Quigley, the team’s top assistant the past two years, expressed his interest in the head job immediately after Ron Byrne retired in February. But the SHS administration kept its options open, interviewing four candidates seriously, before deciding Quigley was the right person for the job.
“We did have some applicants with hockey backgrounds, but they did not end up being the best candidate,” said Summit athletic director Gretchen Nies.
The best candidate was the one who had been on Summit’s bench since the program began three years ago; an assistant coach at the club and varsity levels in Summit County for six years; and a former Division lll player at Hobart College in New York.
Despite not knowing if he’d get the job, Quigley worked under the tag of “interim coach” this summer, holding several on-ice camps for the team.
“I agreed to the interim head coach role over the summer regardless of what their decision was,” Quigley said. “It was kind of frustrating for me because I just wanted to get to work. It was difficult not knowing if I was going to have that spot in the fall or not.”
With that behind him now, Quigley is focusing on the business of filling the huge shoes left by Byrne and building on the team’s first playoff appearance last season.
“Having Ron as the first coach of the team, you couldn’t ask for a better foundational philosophy,” Quigley said. “The way he put this team together and started it was top-notch. He did all the things that a young high school team needed.”
That included being a disciplinarian. Quigley’s job as assistant often was to soften the blow for players who caught Byrne’s wrath. Now Quigley will sometimes be forced to be the bad guy.
“My role is gonna change,” he acknowledged. “The expectation level rises greatly between you and your players as a head coach.
“I think I have established that rapport with the guys. I want them to respect me as a head coach, but I also want them to know they can always come and talk to me.”
Quigley sees his strength as being an ability to communicate with players.

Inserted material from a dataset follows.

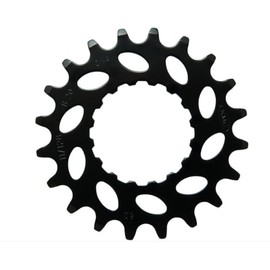 KMC Bosch Gen 2 Super Narrow Front Sprocket, Black, 15T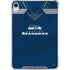 NFL Seattle Seahawks Team Jersey iPad 11th Gen (2025) Clear Case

In his full-time job, he heads up the county’s Mountain Mentors program, which works with at-risk youth mostly ages 6 to 12 years old.
The high school likes to hire coaches who are teachers, but with Quigley’s line of work, Nies thinks he has a similar set of skills.

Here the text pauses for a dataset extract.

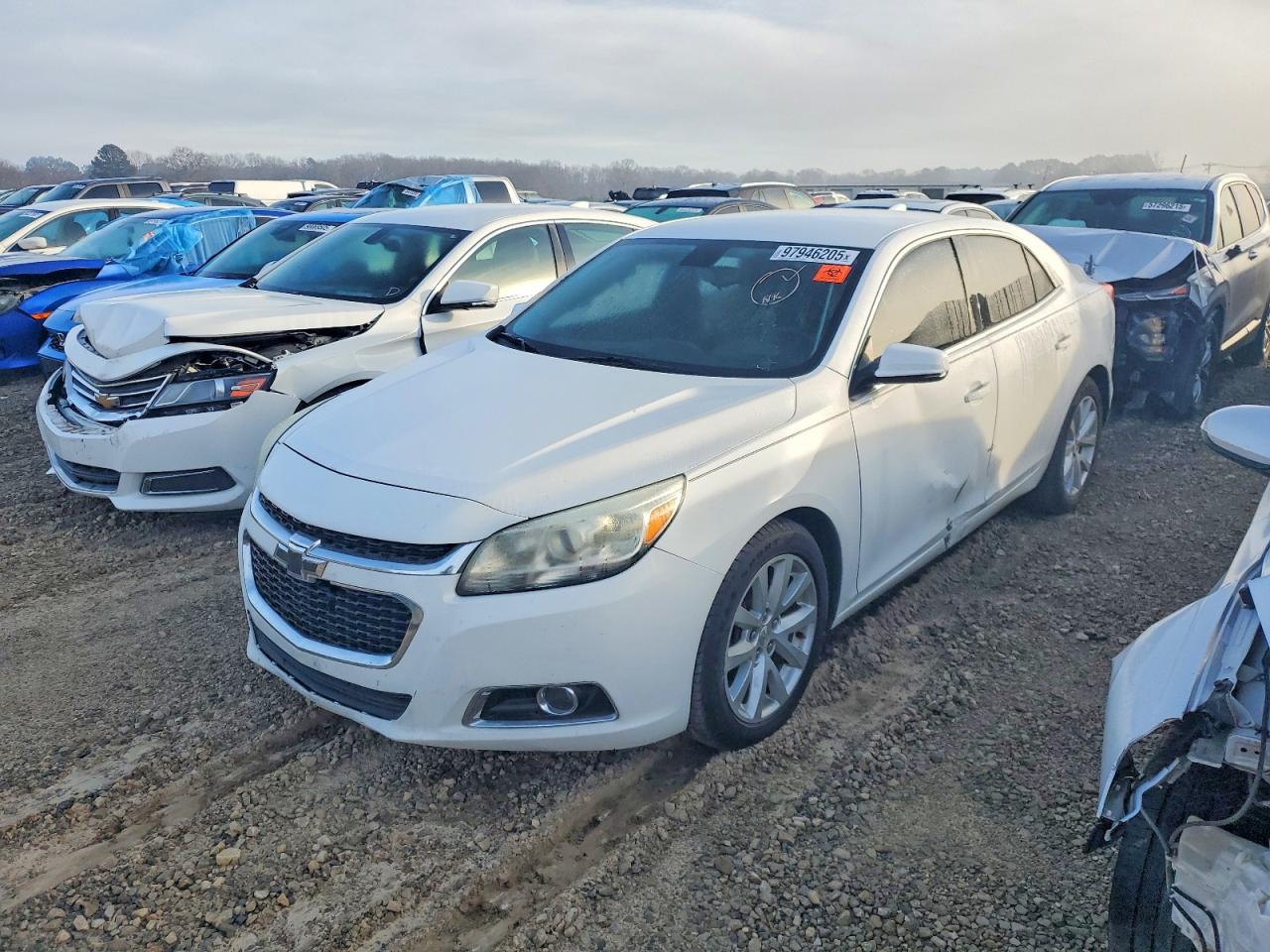 CHEVROLET MALIBU 2015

“Even though he’s not a teacher, he’s the next best thing,” Nies said. “Working with Mountain Mentors gives him the insight that’s beneficial in dealing with youth in an athletic situation.”
Nies and Quigley will make joint decisions on assistants this fall.
Colorado high school hockey has been split into three divisions this year, with six teams per division. Summit expects to be without standout forward Chris Jocelyn, who is playing junior hockey in Ohio, and Cam Carlson, who transferred. Summit will play each of the teams in its division three times and will have six other non-divisional games in a 16-game season. It will need to place in the upper half of its division to reach the playoffs for the second straight year.
“It would be really nice to build on what we’ve done so far,” Quigley said.
Summit will begin dryland training three days a week in October.